After the Las Vegas shooting, celebrities on the Left were swift to call for stricter gun control and criticize the Right for opposing gun control measures.
According to The Daily Wire, Pat Sajak, host of Wheel of Fortune, once again used his wit to criticize their political pushes. In a tweet, he said, “Ok, let me explain this again: We’re celebs. We’re wiser & more empathetic than you. We are famous. Please take our opinions more seriously.”
Sajak is a frequent critic of the Left and uses Twitter to unleash his witty attacks. One tweet criticized the violent protests of Antifa after Trump’s inauguration, “Unhappy about results of last week’s People’s Choice Awards. Thinking of breaking Starbucks windows & trashing limos.”
Another took a jab at CNN for engaging in fake news, “’Alexa, turn on CNN. I want to hear the news.’ ‘You’ll have to pick one or the other.’”
His recent criticism took aim at celebrities like Jimmy Kimmel who was quick to use the horror of the Las Vegas shooting and their own over-the-top emotions to push for gun control measures — despite the fact that those policies would’ve had little impact on the terrible tragedy.
As reported by The Daily Wire, another conservative to criticize this emotional call to action was Ben Shapiro, Editor-in-Chief of The Daily Wire. In a video, he methodically tears apart Kimmel’s monologue on Monday night during the Jimmy Kimmel Live show.

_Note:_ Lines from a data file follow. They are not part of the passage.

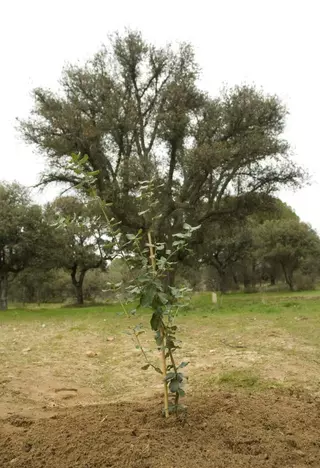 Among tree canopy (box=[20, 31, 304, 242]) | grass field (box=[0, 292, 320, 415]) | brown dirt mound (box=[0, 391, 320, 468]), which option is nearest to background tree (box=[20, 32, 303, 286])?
tree canopy (box=[20, 31, 304, 242])

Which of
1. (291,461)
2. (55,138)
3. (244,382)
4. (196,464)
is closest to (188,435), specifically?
(196,464)

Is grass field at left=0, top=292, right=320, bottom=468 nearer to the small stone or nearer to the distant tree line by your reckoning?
the small stone

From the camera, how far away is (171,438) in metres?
2.98

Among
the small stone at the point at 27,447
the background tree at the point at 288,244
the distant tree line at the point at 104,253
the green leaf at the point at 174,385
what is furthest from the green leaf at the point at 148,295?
the background tree at the point at 288,244

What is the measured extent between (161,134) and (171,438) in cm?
2053

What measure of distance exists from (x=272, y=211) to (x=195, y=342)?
53.9ft

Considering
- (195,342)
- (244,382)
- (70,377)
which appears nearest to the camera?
(244,382)

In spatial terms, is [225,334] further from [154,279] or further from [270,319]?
[154,279]

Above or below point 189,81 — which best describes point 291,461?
below

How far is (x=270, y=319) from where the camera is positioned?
44.0 feet

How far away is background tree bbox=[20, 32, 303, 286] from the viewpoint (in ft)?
67.4

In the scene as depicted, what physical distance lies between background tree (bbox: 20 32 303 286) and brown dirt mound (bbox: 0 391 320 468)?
55.2ft

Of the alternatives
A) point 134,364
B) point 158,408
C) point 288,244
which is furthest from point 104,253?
point 288,244

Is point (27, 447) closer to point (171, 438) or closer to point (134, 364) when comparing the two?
point (171, 438) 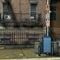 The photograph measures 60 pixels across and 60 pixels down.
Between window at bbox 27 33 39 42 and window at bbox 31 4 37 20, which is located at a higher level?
window at bbox 31 4 37 20

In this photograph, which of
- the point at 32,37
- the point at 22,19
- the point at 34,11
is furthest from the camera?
the point at 34,11

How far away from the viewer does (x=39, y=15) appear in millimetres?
20703

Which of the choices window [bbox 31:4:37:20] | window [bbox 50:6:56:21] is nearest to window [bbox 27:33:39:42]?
window [bbox 31:4:37:20]

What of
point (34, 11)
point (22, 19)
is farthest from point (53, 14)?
point (22, 19)

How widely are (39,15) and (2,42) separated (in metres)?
3.27

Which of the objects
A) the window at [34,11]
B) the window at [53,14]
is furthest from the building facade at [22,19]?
the window at [53,14]

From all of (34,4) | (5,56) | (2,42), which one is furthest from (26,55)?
(34,4)

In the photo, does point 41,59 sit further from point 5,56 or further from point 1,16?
point 1,16

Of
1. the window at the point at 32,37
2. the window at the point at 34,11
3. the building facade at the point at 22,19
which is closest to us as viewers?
the building facade at the point at 22,19

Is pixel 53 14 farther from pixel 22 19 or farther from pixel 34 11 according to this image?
pixel 22 19

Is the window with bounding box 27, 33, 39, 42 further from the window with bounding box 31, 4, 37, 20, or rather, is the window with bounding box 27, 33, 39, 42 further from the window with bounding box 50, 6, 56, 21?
the window with bounding box 50, 6, 56, 21

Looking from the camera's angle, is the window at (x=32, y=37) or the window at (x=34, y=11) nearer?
the window at (x=32, y=37)

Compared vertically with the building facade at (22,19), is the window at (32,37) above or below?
below

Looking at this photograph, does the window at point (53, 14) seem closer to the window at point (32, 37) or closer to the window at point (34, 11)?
the window at point (34, 11) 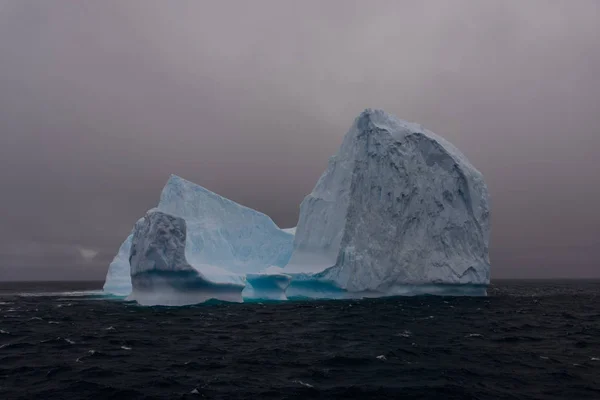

Shapiro was careful to clarify that he wasn’t criticizing Kimmel’s emotional response, but that Kimmel believes those on the Right aren’t similarly emotional: “Last night he did a long shtick about gun control that was entirely based on emotion, and it was just really nasty. I don’t think it was nasty because he doesn’t care; he cares; it’s really nasty because he’s suggesting you and I don’t care.”
Shapiro explained that Kimmel’s monologue essentially stated that if people don’t agree with him, they’re heartless: “It doesn’t matter that we’re all heartbroken over what happened; we don’t agree with Jimmy Kimmel’s evidence-less suggestions about gun control; that means that we don’t care; we’re bad people.”
During the rant, Kimmel attacks Republicans for supposedly being the puppets of the NRA, condemning the non-existent gun show sale loophole, judging the Right for not wanting to discuss policy during a tragedy, and utterly rejecting the thoughts and prayers of those on the Right because they disagree about politics.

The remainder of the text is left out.